# EXERCISE
Use the entries below and reproduce exactly the lines from the one containing "DAVID CARVER, BUCKLAND" down to the one containing "Trusted Fort Atkinson, WI", both of them included.

# LISTED RECORDS
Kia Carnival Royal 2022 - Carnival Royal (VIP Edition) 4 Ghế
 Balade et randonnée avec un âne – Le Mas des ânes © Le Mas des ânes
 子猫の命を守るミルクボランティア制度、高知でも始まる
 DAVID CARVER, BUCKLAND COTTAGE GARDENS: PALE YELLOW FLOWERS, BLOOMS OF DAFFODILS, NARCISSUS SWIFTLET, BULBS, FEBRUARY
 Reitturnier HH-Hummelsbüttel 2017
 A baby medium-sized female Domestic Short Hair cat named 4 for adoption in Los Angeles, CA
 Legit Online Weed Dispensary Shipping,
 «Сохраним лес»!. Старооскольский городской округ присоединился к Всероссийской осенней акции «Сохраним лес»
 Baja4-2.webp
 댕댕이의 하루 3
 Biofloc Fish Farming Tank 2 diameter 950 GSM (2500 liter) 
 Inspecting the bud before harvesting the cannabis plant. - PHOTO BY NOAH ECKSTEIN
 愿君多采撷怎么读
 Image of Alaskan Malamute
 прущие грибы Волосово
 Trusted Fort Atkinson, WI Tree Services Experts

...

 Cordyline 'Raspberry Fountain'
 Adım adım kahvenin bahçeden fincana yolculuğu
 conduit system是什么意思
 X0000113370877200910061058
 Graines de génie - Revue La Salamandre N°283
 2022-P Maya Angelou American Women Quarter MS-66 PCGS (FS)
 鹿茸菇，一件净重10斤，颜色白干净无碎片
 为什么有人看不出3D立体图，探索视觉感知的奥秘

# SOLUTION FOR THIS EXERCISE
 DAVID CARVER, BUCKLAND COTTAGE GARDENS: PALE YELLOW FLOWERS, BLOOMS OF DAFFODILS, NARCISSUS SWIFTLET, BULBS, FEBRUARY
 Reitturnier HH-Hummelsbüttel 2017
 A baby medium-sized female Domestic Short Hair cat named 4 for adoption in Los Angeles, CA
 Legit Online Weed Dispensary Shipping,
 «Сохраним лес»!. Старооскольский городской округ присоединился к Всероссийской осенней акции «Сохраним лес»
 Baja4-2.webp
 댕댕이의 하루 3
 Biofloc Fish Farming Tank 2 diameter 950 GSM (2500 liter) 
 Inspecting the bud before harvesting the cannabis plant. - PHOTO BY NOAH ECKSTEIN
 愿君多采撷怎么读
 Image of Alaskan Malamute
 прущие грибы Волосово
 Trusted Fort Atkinson, WI Tree Services Experts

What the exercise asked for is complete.